30° Degrés Magazine - Hüttenpalast

Hüttenpalast
Une caravane en ville

Texte: 30° Degrés Magazine: Claude Hervé-Bazin | Photo: Jan Brockhaus | Parution: 09.04.2020

C’est tout l’esprit de Berlin qui réside dans ce lieu. Derrière la porte, une cour-jardin. Derrière la cour-jardin, une ancienne usine d’aspirateurs réinventée en hôtel. Dans l’hôtel, des caravanes d’autrefois. Comme autant de bulles d’histoires.

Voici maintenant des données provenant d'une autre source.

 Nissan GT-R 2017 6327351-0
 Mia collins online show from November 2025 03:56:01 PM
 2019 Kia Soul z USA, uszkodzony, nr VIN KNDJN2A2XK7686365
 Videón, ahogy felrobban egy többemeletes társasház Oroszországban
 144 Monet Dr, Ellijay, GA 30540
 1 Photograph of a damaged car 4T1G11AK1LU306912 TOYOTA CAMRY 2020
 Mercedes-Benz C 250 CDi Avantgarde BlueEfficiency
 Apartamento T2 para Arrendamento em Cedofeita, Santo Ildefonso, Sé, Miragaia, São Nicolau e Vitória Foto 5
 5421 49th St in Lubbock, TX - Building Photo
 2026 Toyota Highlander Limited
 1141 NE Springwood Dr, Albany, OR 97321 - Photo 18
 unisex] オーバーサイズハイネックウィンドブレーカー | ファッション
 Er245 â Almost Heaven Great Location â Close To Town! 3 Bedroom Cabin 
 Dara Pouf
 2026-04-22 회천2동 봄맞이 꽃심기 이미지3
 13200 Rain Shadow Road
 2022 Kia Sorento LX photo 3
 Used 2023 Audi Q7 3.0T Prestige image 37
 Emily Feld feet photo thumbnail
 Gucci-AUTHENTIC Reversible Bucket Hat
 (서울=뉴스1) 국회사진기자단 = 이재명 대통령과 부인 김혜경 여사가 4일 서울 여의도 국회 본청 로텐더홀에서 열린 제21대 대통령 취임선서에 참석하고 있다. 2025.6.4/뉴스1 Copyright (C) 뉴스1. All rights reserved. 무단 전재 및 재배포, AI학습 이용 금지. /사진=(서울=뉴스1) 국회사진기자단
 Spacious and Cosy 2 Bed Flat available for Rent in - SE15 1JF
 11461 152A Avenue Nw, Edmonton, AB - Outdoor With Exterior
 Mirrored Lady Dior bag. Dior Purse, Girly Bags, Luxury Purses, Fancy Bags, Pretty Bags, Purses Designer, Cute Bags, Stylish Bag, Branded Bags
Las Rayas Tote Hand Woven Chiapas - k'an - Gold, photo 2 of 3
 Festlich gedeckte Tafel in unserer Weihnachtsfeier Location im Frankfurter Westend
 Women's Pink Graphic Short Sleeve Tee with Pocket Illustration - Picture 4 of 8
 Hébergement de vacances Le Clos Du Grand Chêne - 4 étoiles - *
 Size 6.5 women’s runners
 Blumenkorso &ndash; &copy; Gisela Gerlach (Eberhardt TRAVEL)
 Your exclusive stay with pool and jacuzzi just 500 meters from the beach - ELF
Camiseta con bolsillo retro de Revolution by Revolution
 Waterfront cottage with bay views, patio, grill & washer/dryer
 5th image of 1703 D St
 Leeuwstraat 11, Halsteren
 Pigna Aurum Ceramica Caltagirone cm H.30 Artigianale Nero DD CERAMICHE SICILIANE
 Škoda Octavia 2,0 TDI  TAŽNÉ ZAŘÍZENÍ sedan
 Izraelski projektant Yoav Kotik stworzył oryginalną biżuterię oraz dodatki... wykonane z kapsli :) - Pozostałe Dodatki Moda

Hermannplatz, ligne 8 du U-Bahn. Les carreaux jaunes et gris tapissant les murs de la station ramènent quelques décennies en arrière, lorsque Neukölln était l’un des épicentres de la classe populaire berlinoise. Quartier historiquement rouge, puis alternatif, mais situé en secteur américain, le coin n’attirait guère les foules alors. Après la chute du mur — qui passait à quelques pas de là —, ce fut pire. Mais aujourd’hui la longue place a repris des couleurs avec le retour en force des étudiants et des bobos.

Un projet carrément loufoque
Cent mètres sur la Weserstraße, un poil plus sur la Hobrechtstraße (à gauche) et une façade lambda se dessine, aussi anonyme que les autres. C’est donc là que l’on dort ce soir ? Porche franchi, s’ouvre une cour greffée de son ascenseur extérieur d’un autre âge. On l’imagine grinçant. Mais l’oasis du Hüttenpalast a déjà fait son charme. Treille, hortensias, fougères, palmes, tournesols et autres pâquerettes roses, voilà un petit bout de nature en ville — et en pot —, où chantent les oiseaux dès les premiers rayons revenus.

Les propriétaires, Sarah et Silke, ex-fashion designer et event manager, ont combiné leurs talents pour imaginer ce lieu à la fois absolument atypique et parfaitement dans l’âme berlinoise. Un endroit décalé. Joueur. Décontracté. Lorsqu’elles sont tombées sur ce vieil immeuble industriel délabré, au plus fort des conséquences de la crise de 2008, « nous n’avions qu’une perspective bêtement banale », rappellent les deux femmes : ouvrir un café et un hôtel. Puis une idée fulgurante s’imposa à Sarah : construire des cabanes dans le hall. Silke, inquiète, temporisa : « des cabanes sur roulettes, pour que l’on puisse les déplacer et louer la salle… » Le compromis fut vite trouvé : ce seraient (surtout) des caravanes.